> Information shown
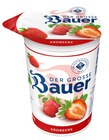 Aktuelles Fruchtjoghurt Angebot bei Penny in Bottrop ab 0,39 €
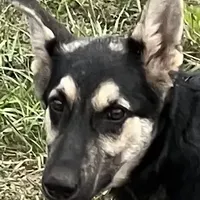 Free Black and Tan, a female German Shepherd Dog for sale in Irwinton, GA – Photo 4 of 10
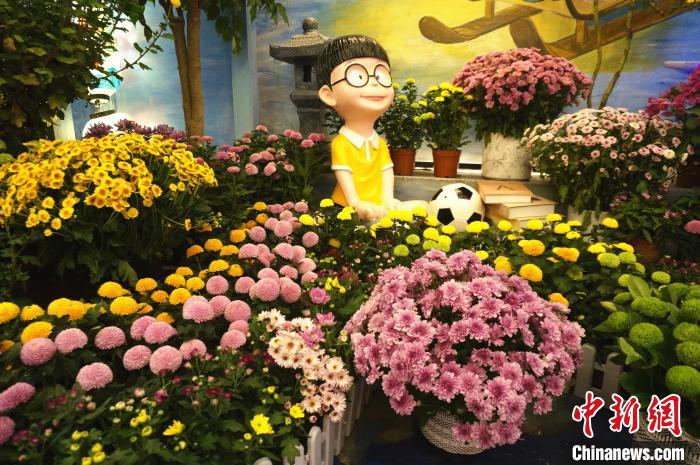 ??? ????? ???????? ????????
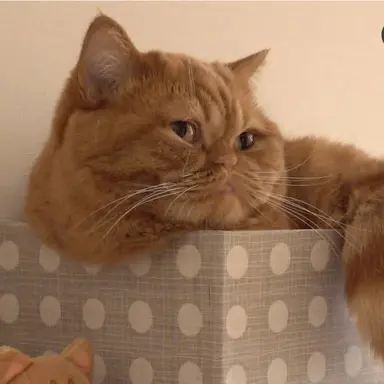 Profile image of 모모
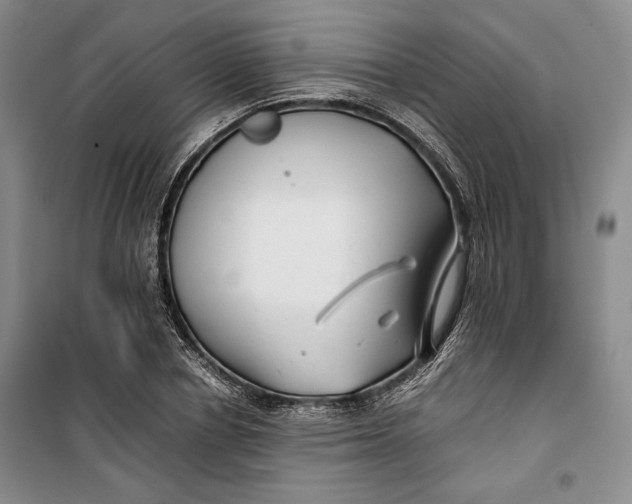 X0000099990834200806131432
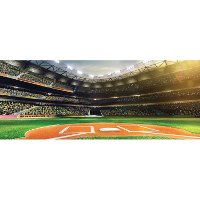 1172401 Professional Baseball Field
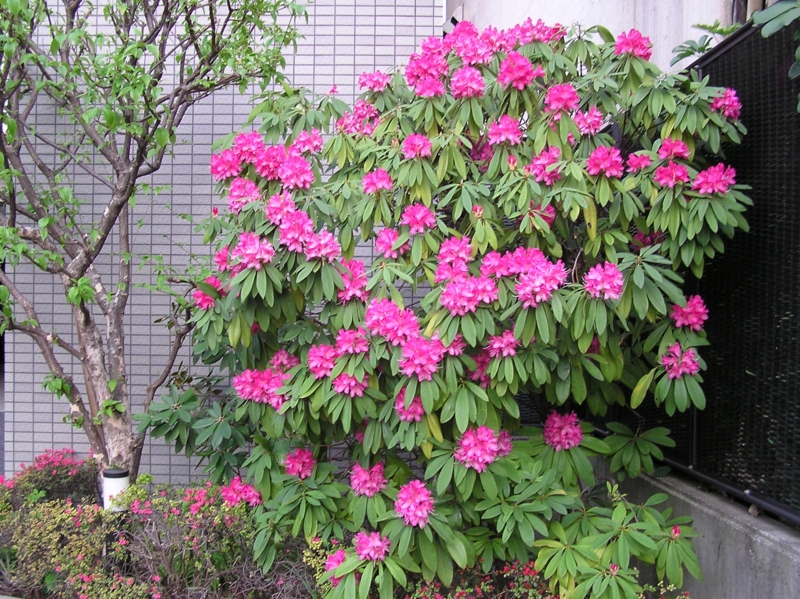 f:id:garadanikki:20150418171444j:plain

> What to work on
Repeat the data word for word; drop the pictures.

> Finished exercise
 Aktuelles Fruchtjoghurt Angebot bei Penny in Bottrop ab 0,39 €
 Free Black and Tan, a female German Shepherd Dog for sale in Irwinton, GA – Photo 4 of 10
 ??? ????? ???????? ????????
 Profile image of 모모
 X0000099990834200806131432
 1172401 Professional Baseball Field
 f:id:garadanikki:20150418171444j:plain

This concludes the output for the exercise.